Rev Aaron Buzacott (1829–81) [Yew Walk, S/L9]
Rev Buzacott was the second Secretary of the British and Foreign Anti-Slavery Society (subsequently known as Anti-Slavery International). With slavery abolished in North America in 1865, he continued to carry out research and publish work with Joseph Cooper designed to help abolish slavery elsewhere, particularly in the Middle East, Turkey and Africa.
Josiah Conder (17 September 1789–27 December 1855) [South Boundary Road A, N Ranks/M9]
Josiah Conder was a bookseller, poet and author. His political work included a tract on the superior value of free labour over slave labour. In 1839 he became a founding Committee Member of the British and Foreign Anti-Slavery Society. In this role he was an organiser of, and delegate to, the world's first Anti-Slavery Convention, which was held in London in 1840 – an event depicted in a large painting by Benjamin Haydon that hangs in the National Portrait Gallery, London.

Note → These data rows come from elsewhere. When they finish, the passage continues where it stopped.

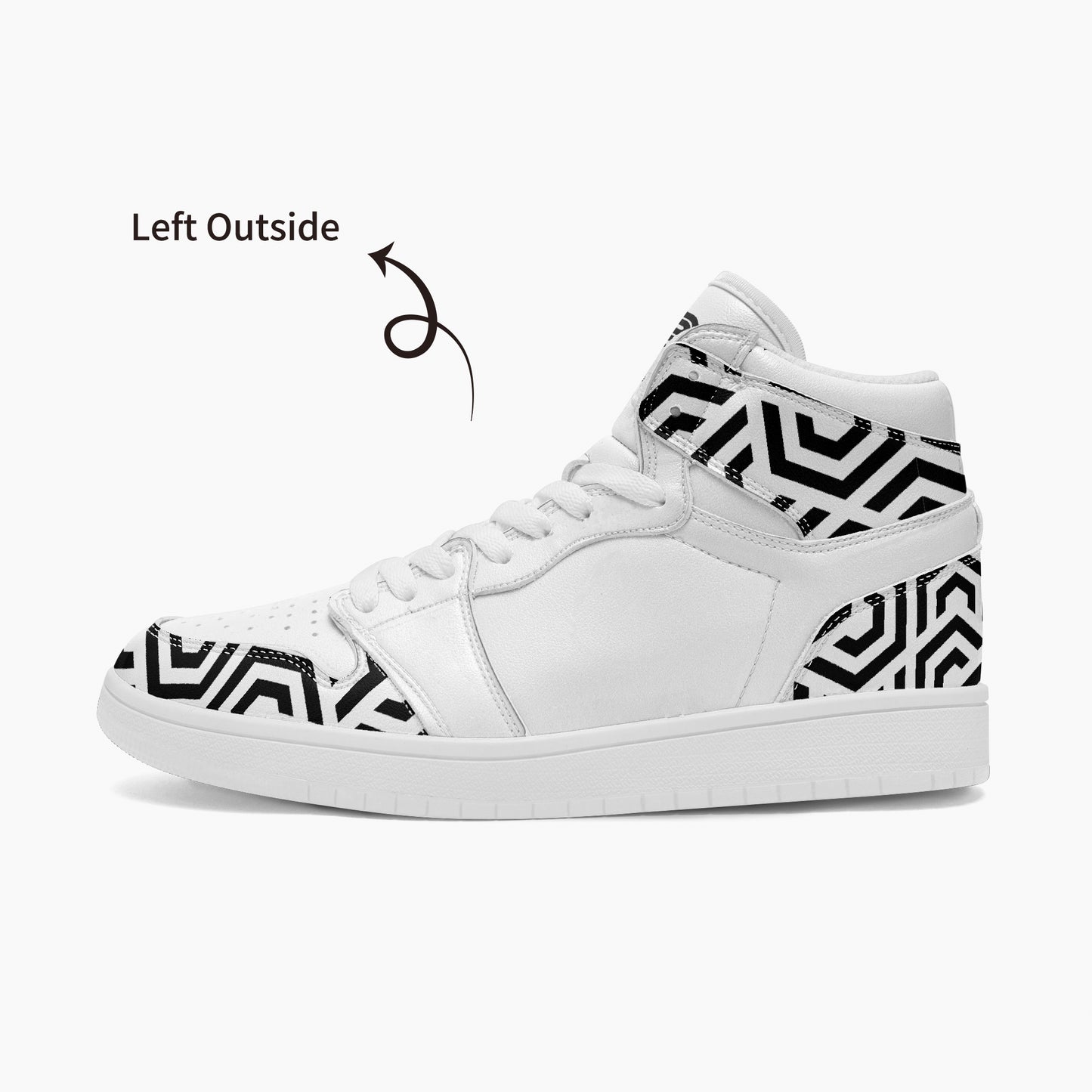 White high-top sneaker with black geometric pattern on a white background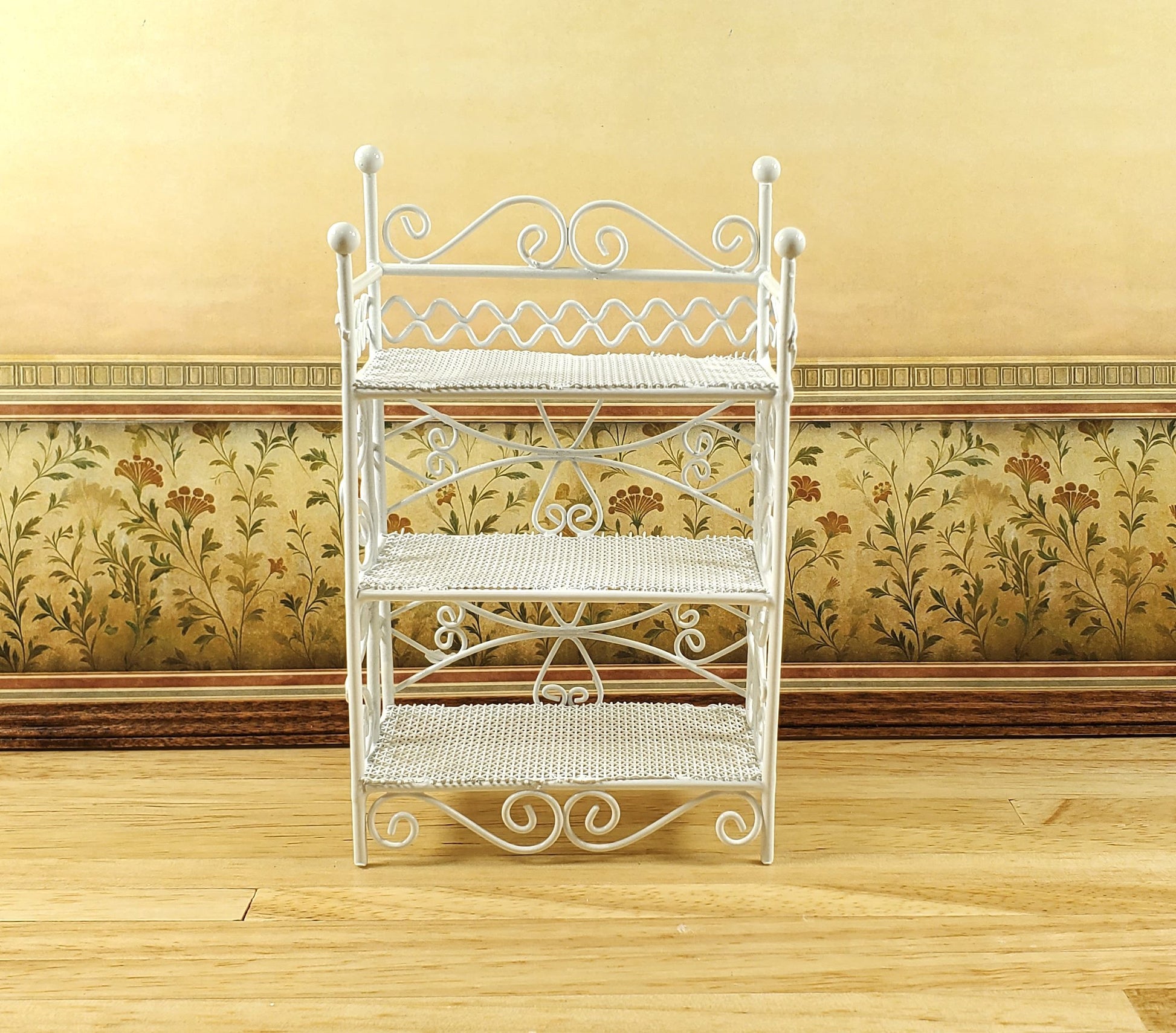 Dollhouse 3 Tier Plant Stand Shelf White Metal 1:12 Scale Miniature Fairy Garden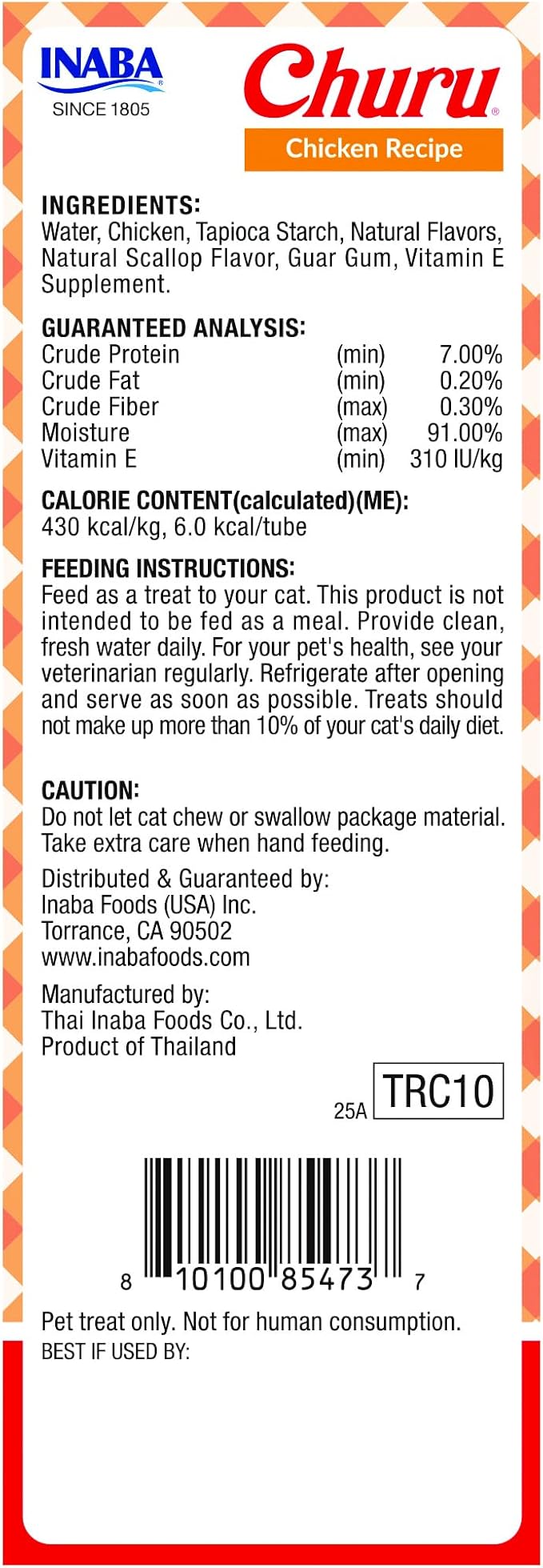 INABA Churu Lickable Purée Natural Cat Treats - Tuna with Chicken Recipe, Case of 128 Tubes (16 Boxes of 8 Tubes Each)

Rev Dr Alexander Fletcher (1787–1860) [Road E, N/N16]
Known affectionately as ‘The Prince of Preachers to Children’, Fletcher is widely acknowledged as the pioneer of preaching to audiences of children and attracting large crowds of young people to nonconformist chapels. He is the author of numerous devotional works and the founder of the Finsbury Chapel in London. Fletcher is also noted for his support of missionary work and for the abolition of slavery in the United States and has associations with Moses Roper and Frederick Douglass
Samuel Morley (1809–1886) [Dr Watts Walk, W/M6]
Samuel Morley was MP for Nottingham and for Bristol. He work hard for nonconformist emancipation and endowed Morley College for adult education. Morley was a supporter of abolitionism and became treasurer of the fund to finance Josiah Henson, an escaped American slave, who was given support in Britain.

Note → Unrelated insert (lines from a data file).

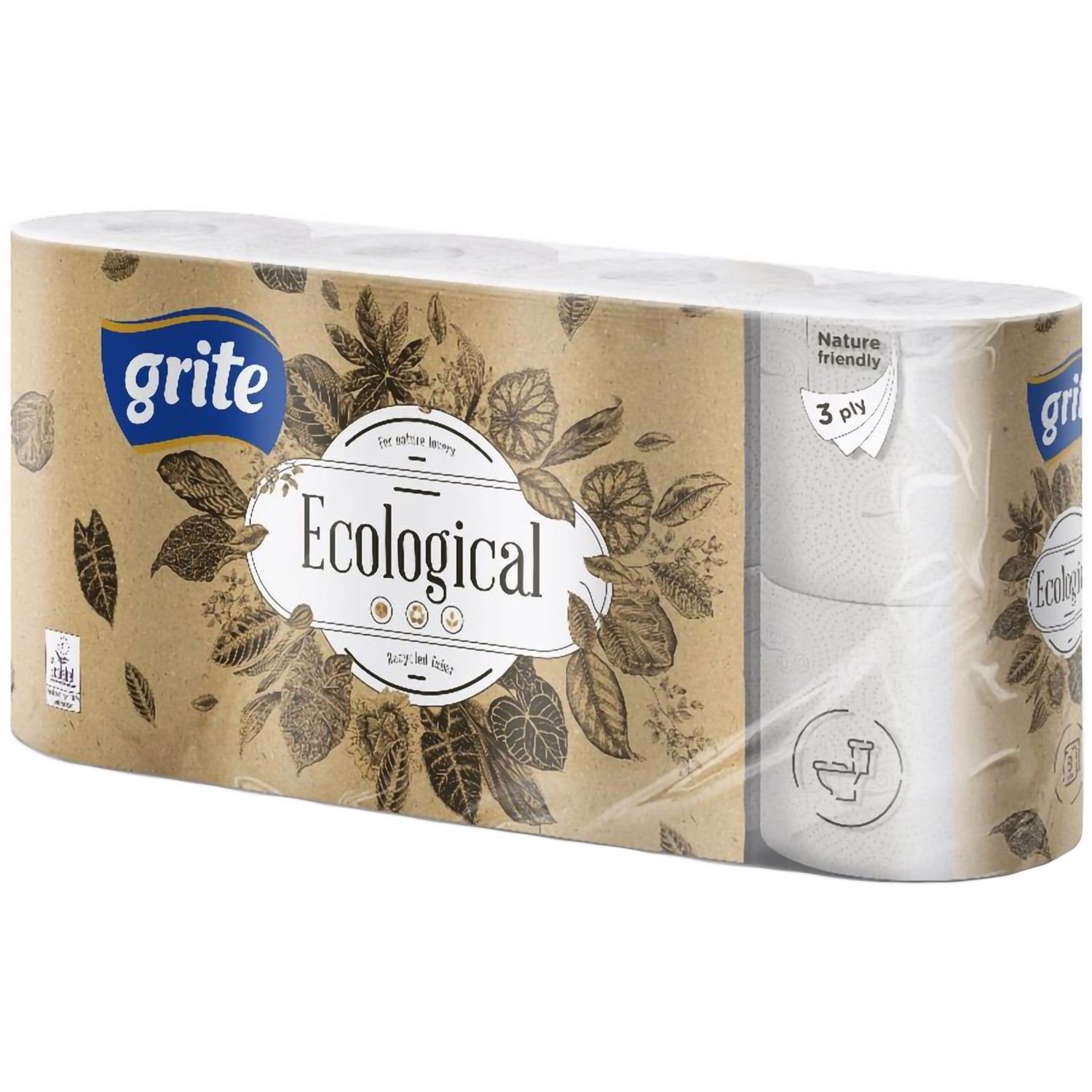 Туалетний папір Grite Plius Ecological, тришаровий, 8 рулонів - фото 1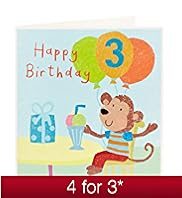Age 3 Monkey Kids Birthday Card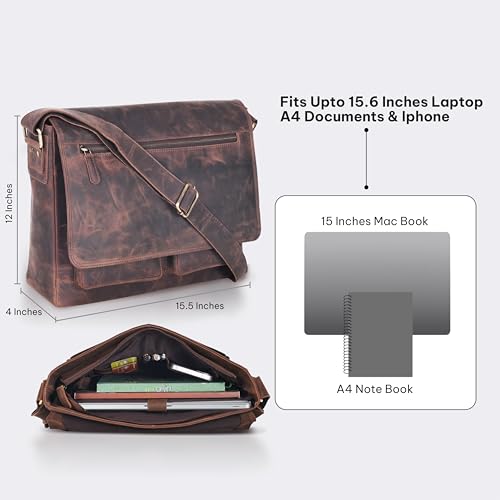 VALENCHI 15" Full Grain Leather Laptop Messenger Bag For Men & Women - Padded 15.3" Laptop Compartment, Ample Storage & Pockets, Premium Natural Leather (Brown Oily Hunter) - color: Brown Oily Hunter
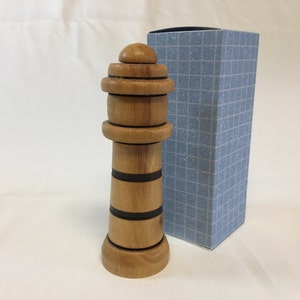 Handcrafted Sycamore Wood Lighthouse: Coastal Decor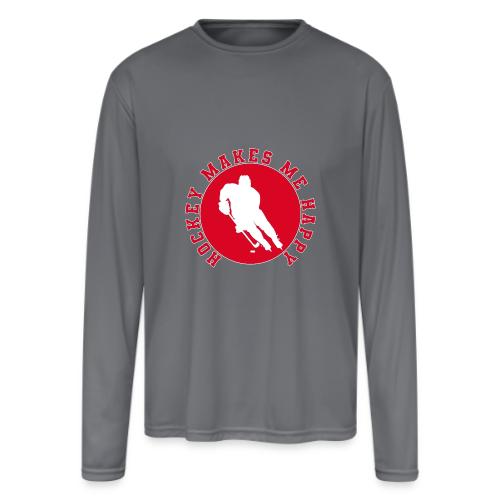 Hockey Makes Me Happy – Ice Hockey Fan Emblem - Men's Moisture Wicking Performance Long Sleeve T-Shirt
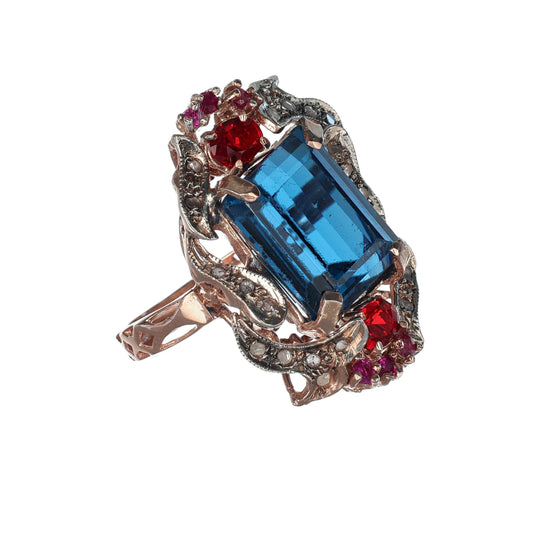 Anello Riproduzione antico con topazio azzurro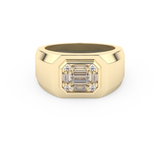 Multi Stones Wedding Band with 0.46 CT Round and Baguette Cut Moissanite – Yellow, White, or Rose Gold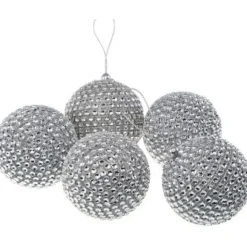 Boule De Noel Strass Argent 6Cm X 5 Pi Ces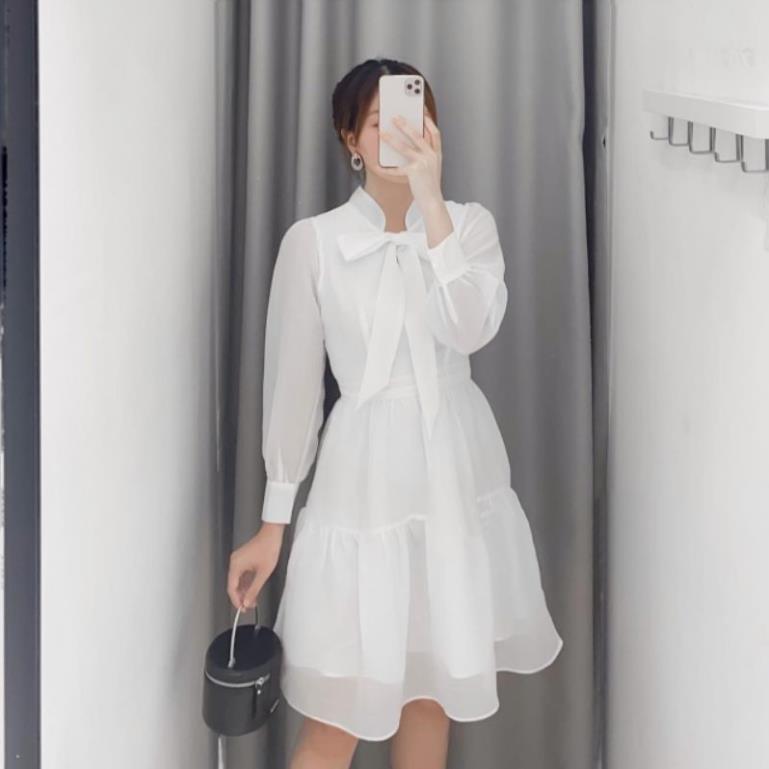 Đầm Nữ, Đầm công sở trắng xanh nơ ngực tơ tầng xinh xắn V | BigBuy360 - bigbuy360.vn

Rev Dr John Pye-Smith (1774-1851) [Dr Watts’ Walk, E/L6]
John Pye-Smith was a Congregationalist theologian and scholar and worked throughout his life for the abolition of slavery. He took over the editorship of the Sheffield Iris, the leading abolitionist newspaper in the North of England, during the imprisonment of its editor, his friend, James Montgomery. Later, in 1830, Pye-Smith was Chair of the Board of Congregational Ministers when it passed an anti-slavery motion to secure support from all Congregational chapels across the country in petitioning parliament.